United States of America, Plaintiff-appellee, v. Lane B. White, Defendant-appellant, 465 F.3d 250 (5th Cir. 2006)Annotate this Case
Camille Ann Domingue, Kelly P. Uebinger, Asst. U.S. Attys., Lafayette, LA, for U.S.
Rebecca L. Hudsmith, Fed. Pub. Def., Lafayette, LA, for White.
Appeal from the United States District Court for the Western District of Louisiana.
Before JONES, Chief Judge, and WIENER and DeMOSS, Circuit Judges.
Lane White challenges his sentence for being a felon in possession of a firearm, in violation of 18 U.S.C. § 922(g) (1). He argues on appeal that his criminal record did not qualify him for a sentence enhancement under 18 U.S.C. § 924(e), and that the district court's application of the sentence enhancement violated his Sixth Amendment rights. Because White's two prior drug offenses were not a single criminal transaction, and such a finding was properly made by the district court without the utilization of a jury, we AFFIRM.
White pleaded guilty to the possession of a firearm by a convicted felon, in violation of 18 U.S.C. § 922(g) (1). In connection with this guilty plea, White entered into a signed factual stipulation in which he admitted that he had possessed a .22 caliber pistol during an altercation with his wife.
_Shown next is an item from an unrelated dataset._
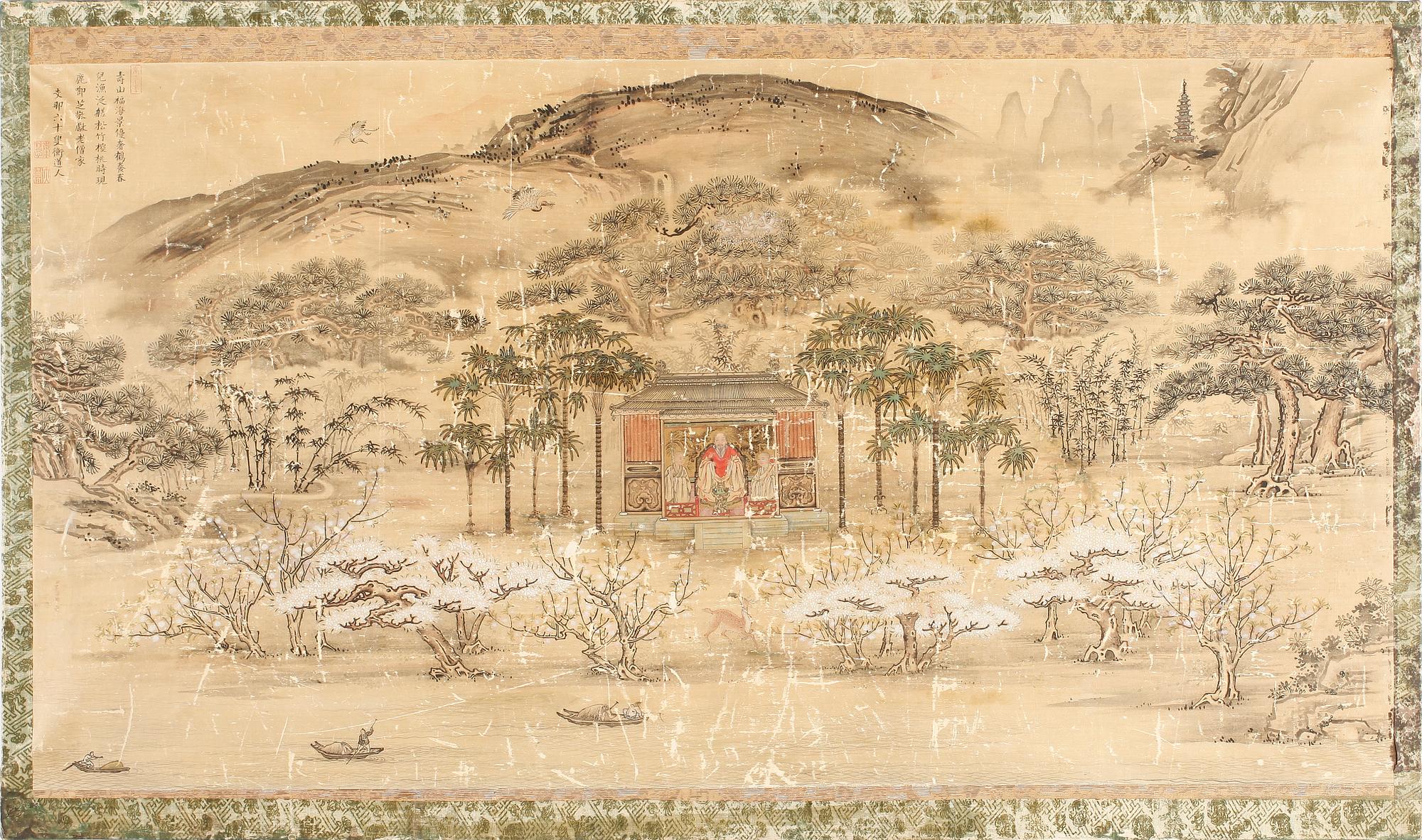 SIDENMÅLNING, omkring år 1900, möjligen Korea.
The revised PSR in White's case recommended a base offense level of 20. Based upon an enhancement for being an "armed career criminal" under 18 U.S.C. § 924(e), White's offense level was adjusted to 33. White received a three-level reduction for acceptance of responsibility, and his criminal history was set at Category IV. The recommended Guideline range for White's offense was 135-168 months imprisonment, but because White was found to be an "armed career criminal," the applicable Guideline range was superseded by the statutory minimum of 180 months under 18 U.S.C. § 924(e) (1).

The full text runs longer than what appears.